Time is something that has become more important to me over the past couple of years, because I have become increasingly short of it. My part-time hours have been arranged with my bosses so that I arrive home as my children come home from school – and the one thing I hoped to avoid was to turn them into latchkey kids. I want to be there for them.

But recently, late and never-arriving buses have forced my children to become exactly what I planned against, because I cannot get home in time. It has been taking me between an hour-and-a-half and two hours to complete my journey home, a journey that takes 15 minutes in a car. My commute both to and from work is outside the rush hours and so in theory buses should be more punctual and more consistent. But they’re not.

Perhaps part of the problem is that in order to get to work, I have to go into town and back out again, and so I have to get two buses each way. But at the bus stop just a two-minute walk from my home, the buses, which are supposed to arrive every seven minutes, do not. Often there are 20-minute gaps, then three arrive at once.

The bus stop does not have one of those electronic arrival boards, so I’m permanently in a state of panic about getting to work on time because I simply do not know when the next bus is coming and if it will get me into town on time to get the next one. The bus company urges me to “get the app”, but I’m not tempted to, because it will just mean I will have a better idea of how late the bus is going to be. Knowing that I’m going to be late for work does not actually reduce my stress.

Similarly, my journey home is just as traumatic. Again, the bus stop has no electronic arrival board, and so day after day I stand there, with pensioners and young parents with babies and toddlers and bags of shopping, waiting for a bus that is scheduled to arrive... but never does.

Sometimes I wait 40 minutes, and once I asked a driver why her bus had arrived 25 minutes late. She simply shrugged her shoulders and said it had arrived back at the depot late, forcing her to set off late on her route.

So I’m getting a car – not actually my choice, as an extremely generous relative has bought me one as a gift (I couldn’t afford to buy a car).
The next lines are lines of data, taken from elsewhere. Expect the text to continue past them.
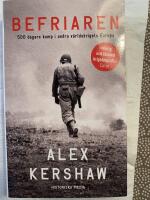 Befriaren : 500 dagars kamp i andra v&auml;rldskrigets Europa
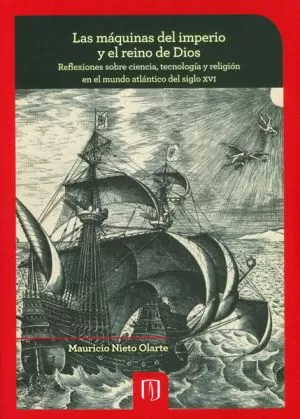 Carátula de Las máquinas del imperio y el Reino de Dios. Reflexiones sobre ciencia, tecnología y religión en el mundo atlántico del siglo XVI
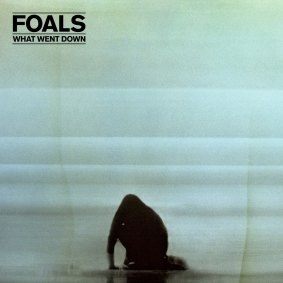 Foals, What Went Down.
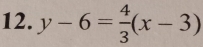 y-6= 4/3 (x-3)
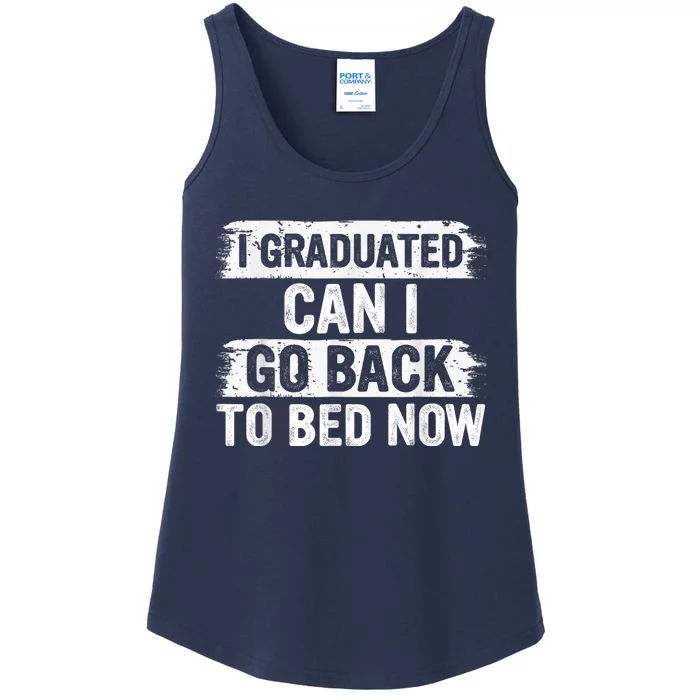 I Graduated Can I Go Back To Bed Now Gift For Graduation Ladies Essential Tank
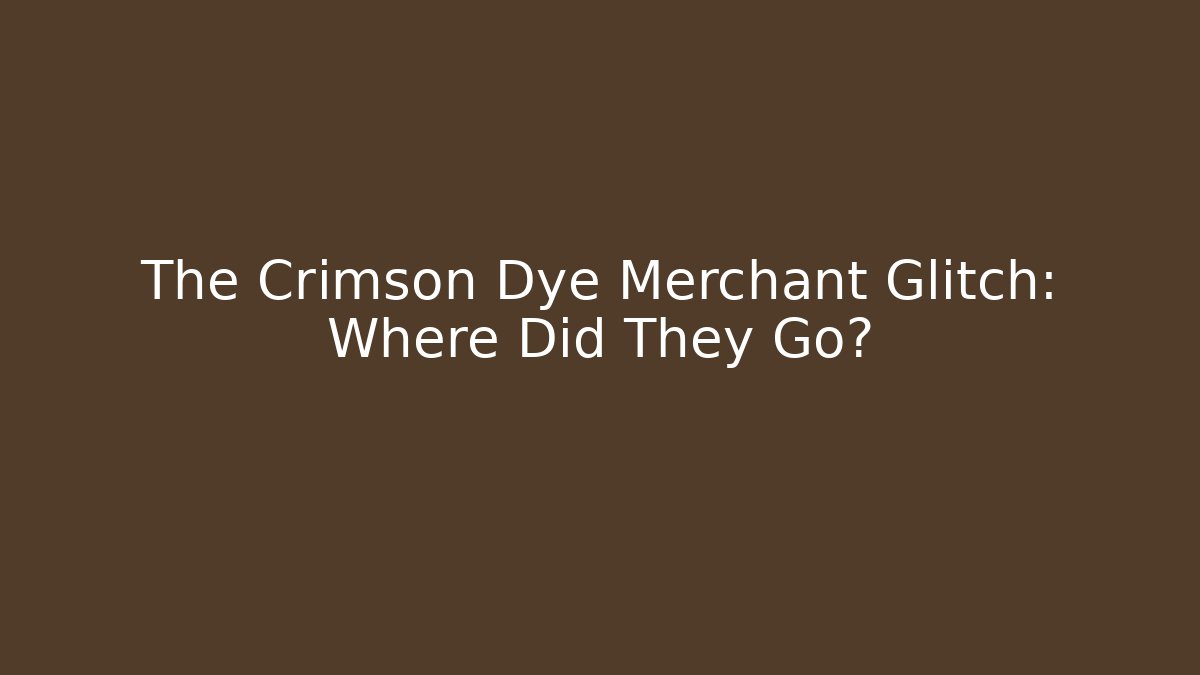 The Crimson Dye Merchant Glitch: Where Did They Go?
Nevertheless, for ecological reasons, I make the move from bus to car reluctantly... and yet now I’m close to taking possession of it, it’s also with the anticipated joy of no more waiting for buses that never arrive, no more taxi fares when I need to get home in a hurry (it costs me £14 plus tip for a journey between home and office, and that’s on top of a Day Saver bus ticket costing £4.70) and significantly reduced stress.

“Bus travel in Brighton & Hove is easy and convenient,” says Brighton and Hove City Council on its Travel, Transport and Road Safety web page. “Buses run every few minutes on main routes...”

And the Brighton and Hove Green Party, which runs the city council, says: “We’ve been extremely successful in attracting over £8 million of external funding to the city for transport improvements at little or no cost to residents... we are working to make our major arterial roads more bus-friendly”.

So why am I still left waiting at bus stops for buses? It’s simply not good enough.

While I appreciate many city bus services are efficient and on time, I have felt angry and stressed as a result of the failings on my particular journeys, and I am sorry for those people who simply have no option but to rely on public transport, including me until today.

Why aren’t bus services in Brighton and Hove more efficient and reliable? I do understand that roadworks, the weather and unforeseen circumstances affect buses, but my experience is happening on a regular basis and I feel I can only rely on them being unreliable.

I’d love to hear answers from the bus company and the council – and if I do, I’ll faithfully report in my next column.

If a dictator can make the trains run on time, why can’t a democracy make the buses run on time? Lessons need to be learnt.